Right, so you already knew that. Sorry for the deception. I already knew that, too, but it hit me all kinds of full force this week.
My latest issue with infertility? The fact that it steals your ability to trust your body. Mind you, my body was always seven shades of fucked up. I started puberty at four years old. My immune system is destroying my joints and organs. Also, I can’t make a baby that lives more than 10 weeks. So, I’ve never found my body to be particularly trustworthy, but there were things I could count on. For instance, boobs only hurt when period is eminent or I’m pregnant. Hunger + fatigue = pregnant. But, fertility drugs take that away. All of a sudden, feelings are the result of hormones induced by pills and shots. Miscarriage adds a new level of complexity. I feel pregnant, because I was.
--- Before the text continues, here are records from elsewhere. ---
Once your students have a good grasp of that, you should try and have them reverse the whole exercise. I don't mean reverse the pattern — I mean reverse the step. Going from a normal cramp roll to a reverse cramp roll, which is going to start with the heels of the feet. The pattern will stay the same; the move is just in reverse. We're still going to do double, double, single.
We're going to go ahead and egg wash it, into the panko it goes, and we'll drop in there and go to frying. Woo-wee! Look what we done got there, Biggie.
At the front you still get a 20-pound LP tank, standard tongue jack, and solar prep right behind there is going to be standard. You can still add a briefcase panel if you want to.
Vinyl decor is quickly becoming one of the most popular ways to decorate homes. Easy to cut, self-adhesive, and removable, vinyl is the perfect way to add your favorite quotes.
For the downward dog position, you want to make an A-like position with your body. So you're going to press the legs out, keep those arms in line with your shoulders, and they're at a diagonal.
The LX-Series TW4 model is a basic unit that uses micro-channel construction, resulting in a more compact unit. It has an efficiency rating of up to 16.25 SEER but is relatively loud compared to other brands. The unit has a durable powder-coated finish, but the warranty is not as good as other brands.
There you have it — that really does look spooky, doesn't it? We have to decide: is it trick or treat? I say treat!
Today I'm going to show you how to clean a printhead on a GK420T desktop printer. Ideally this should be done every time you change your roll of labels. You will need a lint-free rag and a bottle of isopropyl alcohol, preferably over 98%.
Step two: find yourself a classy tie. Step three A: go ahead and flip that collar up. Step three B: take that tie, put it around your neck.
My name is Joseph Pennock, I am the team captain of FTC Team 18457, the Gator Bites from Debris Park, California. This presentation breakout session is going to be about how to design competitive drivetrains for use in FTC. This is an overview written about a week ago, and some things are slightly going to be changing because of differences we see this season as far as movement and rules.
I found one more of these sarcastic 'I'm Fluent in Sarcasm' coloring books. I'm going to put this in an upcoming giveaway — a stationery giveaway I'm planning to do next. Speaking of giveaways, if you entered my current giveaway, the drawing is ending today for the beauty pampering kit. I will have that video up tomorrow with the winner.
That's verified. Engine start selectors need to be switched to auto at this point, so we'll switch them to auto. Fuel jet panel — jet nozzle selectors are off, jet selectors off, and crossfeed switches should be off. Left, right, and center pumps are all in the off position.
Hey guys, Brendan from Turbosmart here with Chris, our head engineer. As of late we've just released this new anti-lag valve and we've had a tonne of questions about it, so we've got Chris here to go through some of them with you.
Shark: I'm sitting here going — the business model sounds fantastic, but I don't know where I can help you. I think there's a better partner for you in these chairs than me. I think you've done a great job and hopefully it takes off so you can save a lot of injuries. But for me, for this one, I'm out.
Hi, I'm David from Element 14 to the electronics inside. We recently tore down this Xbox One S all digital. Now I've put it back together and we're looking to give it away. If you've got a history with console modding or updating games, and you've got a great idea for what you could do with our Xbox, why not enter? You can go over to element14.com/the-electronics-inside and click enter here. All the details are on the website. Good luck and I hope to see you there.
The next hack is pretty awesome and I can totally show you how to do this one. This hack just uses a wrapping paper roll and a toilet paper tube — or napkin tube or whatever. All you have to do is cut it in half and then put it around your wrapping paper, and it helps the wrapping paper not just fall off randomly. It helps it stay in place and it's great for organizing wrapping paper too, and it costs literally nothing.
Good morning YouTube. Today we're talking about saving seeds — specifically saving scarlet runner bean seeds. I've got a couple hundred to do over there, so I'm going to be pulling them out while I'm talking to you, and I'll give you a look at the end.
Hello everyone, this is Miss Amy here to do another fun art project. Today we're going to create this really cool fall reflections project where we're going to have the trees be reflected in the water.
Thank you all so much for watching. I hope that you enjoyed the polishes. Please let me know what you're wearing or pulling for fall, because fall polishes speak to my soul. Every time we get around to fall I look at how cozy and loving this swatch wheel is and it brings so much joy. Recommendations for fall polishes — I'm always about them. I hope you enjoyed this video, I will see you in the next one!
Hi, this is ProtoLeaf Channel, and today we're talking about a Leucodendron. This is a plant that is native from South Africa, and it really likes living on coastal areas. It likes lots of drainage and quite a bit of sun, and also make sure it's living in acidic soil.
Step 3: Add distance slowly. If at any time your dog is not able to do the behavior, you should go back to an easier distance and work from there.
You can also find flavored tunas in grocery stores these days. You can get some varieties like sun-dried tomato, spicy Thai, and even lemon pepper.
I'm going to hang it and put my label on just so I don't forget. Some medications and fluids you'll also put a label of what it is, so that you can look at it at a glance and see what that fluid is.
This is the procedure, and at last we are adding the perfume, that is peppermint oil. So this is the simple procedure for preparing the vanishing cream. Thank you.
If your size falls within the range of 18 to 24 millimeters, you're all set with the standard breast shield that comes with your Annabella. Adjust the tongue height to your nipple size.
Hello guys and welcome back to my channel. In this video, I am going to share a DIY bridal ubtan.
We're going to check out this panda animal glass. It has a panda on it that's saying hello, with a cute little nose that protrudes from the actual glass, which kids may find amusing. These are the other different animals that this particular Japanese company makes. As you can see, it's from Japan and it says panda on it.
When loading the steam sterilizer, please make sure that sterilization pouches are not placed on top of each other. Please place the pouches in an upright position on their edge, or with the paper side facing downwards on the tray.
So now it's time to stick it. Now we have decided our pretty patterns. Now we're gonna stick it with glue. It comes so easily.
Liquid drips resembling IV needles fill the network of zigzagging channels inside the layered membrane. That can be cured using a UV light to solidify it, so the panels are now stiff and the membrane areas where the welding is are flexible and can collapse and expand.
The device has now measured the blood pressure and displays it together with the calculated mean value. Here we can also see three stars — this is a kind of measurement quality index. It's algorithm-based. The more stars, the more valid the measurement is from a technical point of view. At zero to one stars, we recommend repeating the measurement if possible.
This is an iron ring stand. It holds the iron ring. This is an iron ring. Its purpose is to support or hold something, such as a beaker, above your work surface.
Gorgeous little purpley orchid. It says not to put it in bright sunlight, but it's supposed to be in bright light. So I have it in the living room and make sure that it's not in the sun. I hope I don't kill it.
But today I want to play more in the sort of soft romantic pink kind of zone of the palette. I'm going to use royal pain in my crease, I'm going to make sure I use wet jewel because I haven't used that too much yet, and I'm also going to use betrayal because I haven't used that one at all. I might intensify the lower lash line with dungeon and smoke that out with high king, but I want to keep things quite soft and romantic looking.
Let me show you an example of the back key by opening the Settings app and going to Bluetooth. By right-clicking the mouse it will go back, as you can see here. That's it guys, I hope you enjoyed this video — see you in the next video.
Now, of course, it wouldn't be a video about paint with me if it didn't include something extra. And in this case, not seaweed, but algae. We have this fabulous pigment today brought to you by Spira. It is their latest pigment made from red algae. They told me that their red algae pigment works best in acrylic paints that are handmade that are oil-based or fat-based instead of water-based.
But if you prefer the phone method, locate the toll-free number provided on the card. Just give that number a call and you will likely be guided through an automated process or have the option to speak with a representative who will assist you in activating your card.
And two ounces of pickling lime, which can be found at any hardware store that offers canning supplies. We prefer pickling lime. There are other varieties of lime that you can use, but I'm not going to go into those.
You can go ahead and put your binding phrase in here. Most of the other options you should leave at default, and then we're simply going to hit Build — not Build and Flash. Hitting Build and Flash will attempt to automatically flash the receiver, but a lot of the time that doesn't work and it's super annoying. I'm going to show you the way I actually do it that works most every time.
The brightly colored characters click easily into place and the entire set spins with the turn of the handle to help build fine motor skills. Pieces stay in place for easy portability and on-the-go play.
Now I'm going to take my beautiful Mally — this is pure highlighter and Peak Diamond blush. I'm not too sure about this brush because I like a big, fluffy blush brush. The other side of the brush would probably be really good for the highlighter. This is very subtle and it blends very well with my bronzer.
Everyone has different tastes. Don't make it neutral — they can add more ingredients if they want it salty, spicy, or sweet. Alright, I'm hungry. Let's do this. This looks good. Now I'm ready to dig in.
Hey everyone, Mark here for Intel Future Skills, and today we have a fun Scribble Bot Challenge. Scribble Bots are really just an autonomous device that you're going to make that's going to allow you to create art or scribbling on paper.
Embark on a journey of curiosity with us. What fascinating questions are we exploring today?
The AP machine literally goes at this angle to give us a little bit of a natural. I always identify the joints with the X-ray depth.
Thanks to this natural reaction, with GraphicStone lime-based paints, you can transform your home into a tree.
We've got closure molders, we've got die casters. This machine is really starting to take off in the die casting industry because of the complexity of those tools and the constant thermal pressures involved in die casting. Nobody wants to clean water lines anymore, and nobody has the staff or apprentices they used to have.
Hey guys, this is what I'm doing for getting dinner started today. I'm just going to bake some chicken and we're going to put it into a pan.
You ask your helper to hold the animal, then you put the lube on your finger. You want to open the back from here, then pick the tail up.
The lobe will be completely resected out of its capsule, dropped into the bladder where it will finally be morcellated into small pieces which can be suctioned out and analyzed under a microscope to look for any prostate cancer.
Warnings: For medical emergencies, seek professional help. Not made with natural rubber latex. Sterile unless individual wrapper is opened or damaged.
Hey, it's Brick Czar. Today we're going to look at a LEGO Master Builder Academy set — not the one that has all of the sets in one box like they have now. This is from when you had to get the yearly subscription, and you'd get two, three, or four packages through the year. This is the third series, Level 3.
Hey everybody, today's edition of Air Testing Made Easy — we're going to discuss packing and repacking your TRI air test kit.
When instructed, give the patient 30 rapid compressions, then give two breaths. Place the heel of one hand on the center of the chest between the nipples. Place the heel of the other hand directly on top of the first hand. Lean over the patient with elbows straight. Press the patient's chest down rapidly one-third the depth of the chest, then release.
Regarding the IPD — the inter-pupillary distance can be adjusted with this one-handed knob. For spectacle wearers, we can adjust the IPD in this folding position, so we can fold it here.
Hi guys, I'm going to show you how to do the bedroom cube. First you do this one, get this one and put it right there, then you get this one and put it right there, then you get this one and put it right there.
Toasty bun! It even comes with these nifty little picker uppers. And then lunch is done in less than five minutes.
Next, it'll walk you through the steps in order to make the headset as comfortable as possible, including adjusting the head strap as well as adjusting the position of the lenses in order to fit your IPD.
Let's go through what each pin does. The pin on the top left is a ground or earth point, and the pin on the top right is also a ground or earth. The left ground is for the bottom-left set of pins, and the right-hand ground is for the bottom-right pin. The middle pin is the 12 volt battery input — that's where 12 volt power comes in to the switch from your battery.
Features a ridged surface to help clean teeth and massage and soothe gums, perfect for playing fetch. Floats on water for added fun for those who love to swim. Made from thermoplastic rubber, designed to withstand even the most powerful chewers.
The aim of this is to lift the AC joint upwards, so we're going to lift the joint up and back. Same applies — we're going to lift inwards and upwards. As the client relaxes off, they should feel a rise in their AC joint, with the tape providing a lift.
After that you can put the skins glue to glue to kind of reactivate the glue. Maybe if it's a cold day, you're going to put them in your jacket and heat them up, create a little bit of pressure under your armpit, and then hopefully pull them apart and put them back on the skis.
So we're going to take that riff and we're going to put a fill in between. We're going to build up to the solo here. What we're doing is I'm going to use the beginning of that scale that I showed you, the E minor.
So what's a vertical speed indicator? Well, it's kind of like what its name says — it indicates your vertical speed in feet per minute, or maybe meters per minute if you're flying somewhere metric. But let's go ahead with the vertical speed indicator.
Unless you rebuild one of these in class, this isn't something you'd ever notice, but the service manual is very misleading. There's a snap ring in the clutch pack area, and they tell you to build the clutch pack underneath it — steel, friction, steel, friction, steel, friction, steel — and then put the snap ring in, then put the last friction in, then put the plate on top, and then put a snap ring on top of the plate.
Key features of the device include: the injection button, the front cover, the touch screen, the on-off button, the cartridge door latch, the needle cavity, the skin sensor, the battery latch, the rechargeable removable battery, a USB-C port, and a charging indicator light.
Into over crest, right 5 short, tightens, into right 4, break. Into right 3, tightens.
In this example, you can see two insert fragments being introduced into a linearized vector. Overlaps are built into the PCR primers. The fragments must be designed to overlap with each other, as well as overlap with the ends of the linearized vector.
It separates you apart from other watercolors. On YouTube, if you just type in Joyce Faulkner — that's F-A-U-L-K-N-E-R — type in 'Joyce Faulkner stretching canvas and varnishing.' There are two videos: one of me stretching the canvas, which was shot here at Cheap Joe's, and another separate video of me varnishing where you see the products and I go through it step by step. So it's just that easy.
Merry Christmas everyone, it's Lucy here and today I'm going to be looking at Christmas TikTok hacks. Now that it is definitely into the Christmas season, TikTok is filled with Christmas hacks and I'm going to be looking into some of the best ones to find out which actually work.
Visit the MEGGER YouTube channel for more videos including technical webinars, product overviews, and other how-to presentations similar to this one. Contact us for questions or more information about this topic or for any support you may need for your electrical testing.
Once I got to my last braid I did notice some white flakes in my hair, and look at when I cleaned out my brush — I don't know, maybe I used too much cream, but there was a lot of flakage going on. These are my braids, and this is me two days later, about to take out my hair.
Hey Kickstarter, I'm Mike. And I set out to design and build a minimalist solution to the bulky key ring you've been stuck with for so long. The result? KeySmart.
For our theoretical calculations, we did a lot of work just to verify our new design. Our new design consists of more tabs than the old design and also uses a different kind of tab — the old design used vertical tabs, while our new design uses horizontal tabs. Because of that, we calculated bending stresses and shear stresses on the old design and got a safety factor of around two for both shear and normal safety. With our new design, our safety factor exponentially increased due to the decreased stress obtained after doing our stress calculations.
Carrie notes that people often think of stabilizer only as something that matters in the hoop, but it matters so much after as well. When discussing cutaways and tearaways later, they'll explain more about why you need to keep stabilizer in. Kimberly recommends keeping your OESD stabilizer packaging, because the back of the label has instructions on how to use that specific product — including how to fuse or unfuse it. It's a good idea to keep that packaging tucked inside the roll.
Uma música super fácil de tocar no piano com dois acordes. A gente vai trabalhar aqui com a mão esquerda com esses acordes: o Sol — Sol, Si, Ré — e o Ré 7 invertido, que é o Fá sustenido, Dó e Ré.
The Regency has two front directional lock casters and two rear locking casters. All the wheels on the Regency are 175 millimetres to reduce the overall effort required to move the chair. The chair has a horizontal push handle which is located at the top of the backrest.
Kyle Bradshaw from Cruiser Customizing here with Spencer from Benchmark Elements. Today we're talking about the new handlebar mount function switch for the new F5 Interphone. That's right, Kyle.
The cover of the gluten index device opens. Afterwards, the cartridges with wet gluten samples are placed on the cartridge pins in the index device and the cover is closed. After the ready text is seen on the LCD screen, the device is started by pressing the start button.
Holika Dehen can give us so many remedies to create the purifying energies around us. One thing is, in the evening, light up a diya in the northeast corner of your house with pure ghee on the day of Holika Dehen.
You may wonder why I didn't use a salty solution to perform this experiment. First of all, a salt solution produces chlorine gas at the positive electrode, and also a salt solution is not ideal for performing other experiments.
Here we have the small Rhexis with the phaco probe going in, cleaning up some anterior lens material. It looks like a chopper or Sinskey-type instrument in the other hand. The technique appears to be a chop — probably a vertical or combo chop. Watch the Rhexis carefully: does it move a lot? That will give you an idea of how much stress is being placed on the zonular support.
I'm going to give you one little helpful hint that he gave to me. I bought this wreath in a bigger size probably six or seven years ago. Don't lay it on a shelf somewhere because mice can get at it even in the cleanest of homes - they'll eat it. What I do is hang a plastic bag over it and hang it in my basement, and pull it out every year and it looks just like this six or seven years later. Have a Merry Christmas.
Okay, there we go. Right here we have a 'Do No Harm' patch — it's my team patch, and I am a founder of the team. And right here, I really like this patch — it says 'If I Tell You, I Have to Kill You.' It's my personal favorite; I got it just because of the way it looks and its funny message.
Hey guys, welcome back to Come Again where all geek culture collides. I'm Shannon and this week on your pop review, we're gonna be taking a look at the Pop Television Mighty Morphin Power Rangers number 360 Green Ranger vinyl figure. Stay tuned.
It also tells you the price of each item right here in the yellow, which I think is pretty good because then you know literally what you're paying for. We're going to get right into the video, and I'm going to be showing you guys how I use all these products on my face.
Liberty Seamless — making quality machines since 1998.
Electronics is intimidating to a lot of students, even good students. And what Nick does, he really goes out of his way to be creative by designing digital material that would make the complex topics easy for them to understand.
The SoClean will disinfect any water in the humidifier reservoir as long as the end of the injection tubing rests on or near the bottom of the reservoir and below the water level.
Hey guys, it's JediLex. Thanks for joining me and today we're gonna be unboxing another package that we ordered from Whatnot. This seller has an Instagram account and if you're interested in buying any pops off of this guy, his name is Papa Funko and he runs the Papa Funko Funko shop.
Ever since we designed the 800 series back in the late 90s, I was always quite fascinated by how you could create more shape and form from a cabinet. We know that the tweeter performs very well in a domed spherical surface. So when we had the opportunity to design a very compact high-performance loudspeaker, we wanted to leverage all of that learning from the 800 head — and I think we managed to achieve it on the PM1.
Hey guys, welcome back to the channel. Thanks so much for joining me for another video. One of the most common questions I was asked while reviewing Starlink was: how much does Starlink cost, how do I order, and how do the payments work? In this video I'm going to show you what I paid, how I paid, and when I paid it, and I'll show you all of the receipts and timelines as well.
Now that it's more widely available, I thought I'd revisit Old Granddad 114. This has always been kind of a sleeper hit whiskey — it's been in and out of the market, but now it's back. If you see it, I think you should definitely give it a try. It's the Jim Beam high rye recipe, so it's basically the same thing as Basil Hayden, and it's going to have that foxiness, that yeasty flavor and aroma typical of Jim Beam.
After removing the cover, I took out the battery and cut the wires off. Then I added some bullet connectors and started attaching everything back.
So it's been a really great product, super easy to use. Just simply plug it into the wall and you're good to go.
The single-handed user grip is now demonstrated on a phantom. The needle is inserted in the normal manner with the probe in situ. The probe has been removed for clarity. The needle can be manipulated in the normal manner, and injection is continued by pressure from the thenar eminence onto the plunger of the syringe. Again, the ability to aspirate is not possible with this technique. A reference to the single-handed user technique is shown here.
Last week.
I’ve spent this entire week feeling pregnant while bleeding. Torturing myself about having a few drinks because “what if.” What if the second Ovidrel shot triggered a second ovulation? What if it was twins and one was lost but the other is still in place (never mind the crimson flood)? What if, what if, what if?!?!?!?!?!? It’s enough to make me want to scream. Why can’t I just listen to the doctors (because they’ve been wrong before)? Why can’t I just ignore the signs from my body (because it’s hard to ignore that feeling of “gonna puke now” in the middle of a movie theatre)? Why can’t I just be fucking normal for once?
I hate this. I’m so ready to call it quits. G so isn’t. ARGH!